[What is being asked]:
What you return should be the line containing "Used 2023 Buick" and each line after it to the end of the records, copied exactly.
===== Record set
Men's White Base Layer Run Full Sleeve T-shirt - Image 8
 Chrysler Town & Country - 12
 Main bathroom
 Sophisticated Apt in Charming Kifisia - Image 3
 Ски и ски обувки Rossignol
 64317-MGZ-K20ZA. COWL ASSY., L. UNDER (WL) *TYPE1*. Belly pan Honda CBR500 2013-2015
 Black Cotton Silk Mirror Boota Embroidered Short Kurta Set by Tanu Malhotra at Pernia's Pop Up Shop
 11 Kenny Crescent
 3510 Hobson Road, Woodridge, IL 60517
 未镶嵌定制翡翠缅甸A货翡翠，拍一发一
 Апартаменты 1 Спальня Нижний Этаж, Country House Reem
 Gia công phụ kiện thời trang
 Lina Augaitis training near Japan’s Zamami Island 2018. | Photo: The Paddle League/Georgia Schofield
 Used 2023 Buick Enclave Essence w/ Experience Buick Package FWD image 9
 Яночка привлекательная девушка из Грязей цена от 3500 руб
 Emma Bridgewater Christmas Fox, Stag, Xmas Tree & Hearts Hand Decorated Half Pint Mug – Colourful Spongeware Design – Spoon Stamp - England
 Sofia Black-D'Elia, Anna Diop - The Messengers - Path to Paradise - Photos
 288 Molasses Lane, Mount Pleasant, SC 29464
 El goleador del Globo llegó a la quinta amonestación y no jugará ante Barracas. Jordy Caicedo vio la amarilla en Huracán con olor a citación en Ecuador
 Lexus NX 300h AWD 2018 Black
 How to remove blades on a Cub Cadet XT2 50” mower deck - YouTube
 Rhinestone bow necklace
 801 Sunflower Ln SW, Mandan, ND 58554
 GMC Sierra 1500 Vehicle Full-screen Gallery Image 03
==========
[Problem solution]:
 Used 2023 Buick Enclave Essence w/ Experience Buick Package FWD image 9
 Яночка привлекательная девушка из Грязей цена от 3500 руб
 Emma Bridgewater Christmas Fox, Stag, Xmas Tree & Hearts Hand Decorated Half Pint Mug – Colourful Spongeware Design – Spoon Stamp - England
 Sofia Black-D'Elia, Anna Diop - The Messengers - Path to Paradise - Photos
 288 Molasses Lane, Mount Pleasant, SC 29464
 El goleador del Globo llegó a la quinta amonestación y no jugará ante Barracas. Jordy Caicedo vio la amarilla en Huracán con olor a citación en Ecuador
 Lexus NX 300h AWD 2018 Black
 How to remove blades on a Cub Cadet XT2 50” mower deck - YouTube
 Rhinestone bow necklace
 801 Sunflower Ln SW, Mandan, ND 58554
 GMC Sierra 1500 Vehicle Full-screen Gallery Image 03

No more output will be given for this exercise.